WHO Grade II treatment
- watchful waiting (ie., close-interval neuroimaging scans to detect upgrading)
- external beam cranial irradiation, depending on location, clinical features, type and size of lesion.
WHO Grade III lesion characteristics & example
- lesions with histological evidence of malignancy, including nuclear atypia and brisk mitotic activity.
- patients with Grade III tumors receive adjuvant radiation and/or chemotherapy.
- Example: anaplastic astrocytoma: more nuclear atypia
WHO Grade IV lesion characteristics
- cytologically malignant, mitotically active, necrosis-prone neoplasms
- often associated with rapid pre and post operative disease evolution and fatal outcome.
- Common examples of Grade IV neoplasms include glioblastoma and medulloblastoma.
Glioblastoma characteristics
- WHO Grade IV lesion
- Highly infiltrative, often hemorrhagic neoplasm that is necrotic at the microscopic and sometimes gross level.

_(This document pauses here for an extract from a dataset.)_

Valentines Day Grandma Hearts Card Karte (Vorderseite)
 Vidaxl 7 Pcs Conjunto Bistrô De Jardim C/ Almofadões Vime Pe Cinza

- Dismal prognosis. More than 90% of GBMs are primary, only 2-4 months of symptoms.
- Has a bright rim and necrotic center on CT scan.
- Necrotic center releases HIF and VEGF which causes blood vessels to start developing again and vascularizes the rest of the tumor.
- Secondary GBM: progression from lower grade tumor, younger age (<45), longer duration of symptoms
General treatment approaches for WHO grade I - IV tumors
1: cut it out and it’s ok
2: can’t resect, will often upgrade to grade 3 or 4. Treat with radiation and close observation
3: chemo + radiation
4: rapid growth, fatal, adjuvant therapy has little data supporting use
Tempo parallels grade: Grade 1 grows slowly, grade 4 grows quickly
Histologic typing/grading and prognosis
- Grading: look at the tumor in microscope and decide how aggressive it will behave (mitotic figures, vascularity and necrosis, invasion).
- Tells you how you will have to treat it and how fast it will kill.
Tumor types that tend to spread throughout CSF axis
- Astrocytomas and oligodendrogliomas DO NOT ==> into the CSF pathway and disseminate through the cerebrospinal fluid.
- DOES occur late in the course of some ependymomas, especially those in childhood and originating in the 4th ventricle, and especially in medulloblastomas.